Dad gave us enough lead time (3 months or so) for my sister to cook up a savings scheme. We had a goal of saving $100.00. That doesn’t seem like much money in 2012, but in the late 60s that was a small fortune (especially for kids).
My sister had baby sitting jobs that gave her access to a few dollars each time she got to babysit.
For me, however, it was a different story. I was 7 years old. It wasn’t like I had a steady job at that point.
We had a goal. We had one means to save money (my sister’s work), and then there was me.
I did of course have a means to save a bit of money, but it required help from my comrade in savings: I had school lunch money.
Everyday my parents gave me 35 cents (which was the cost of lunch at the elementary school I attended). And everyday I could contribute that much money.
What we did, without my parents knowing it (in fact, I am not sure we ever told them; I am fairly certain my dad would not have been pleased), was for my sister to secretly make me a lunch to take to school. I would then put my 35 cents in to the savings.
We did this for 3 months. I ate a lot of peanut butter and jelly sandwiches (I am a little amazed my mom didn’t wonder where all the bread and peanut butter and jelly went).
The week before we were to fly to SFO we did our count, and we had done it! Actually, we had saved $105! A fortune!
I guess I should tell you that the goal for this hard worked for loot was to have funds for buying souvenirs.

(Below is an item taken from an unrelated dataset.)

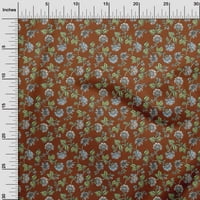 Onuone svilena tabby smeđa tkanina i cvjetni cvjetni šivaći zanatske projekte Tkanini otisci sa dvorištem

Shocking frivolity. But lessons were learned.
Lessons For Saving
1. Have a goal in mind. When you save for a specific goal, you have built in motivators. Each small step toward the goal reinforces the motivation.
2. Assess your resources. My sister’s baby sitting jobs were more lucrative, but they didn’t happen daily. My lunch money was much less, but a real resource.
3. Find accountability. For my sister and I, accountability was each other. We worked toward the goal together. While you may not have someone to actually pool money with, it is still beneficial to have accountability in working toward the goal.
4. Be creative. Making peanut butter and jelly sandwiches allowed us to put my 35 cents a day in to the resource pool. What creative means do you have for generating extra funds toward your goal? A side job? A garage sale? Items for a consignment store? Be creative!
5. Don’t get discouraged. If you have a big goal that is 3 years away, don’t expect to see significant progress in toward that whole goal in the first week. It will take longer.
6. Celebrate when you meet the goal! For a teenager and a 7 year old saving $100 was a huge deal. We were pleased with ourselves. And in truth, in the 60s, that was a very big goal (a BHAG).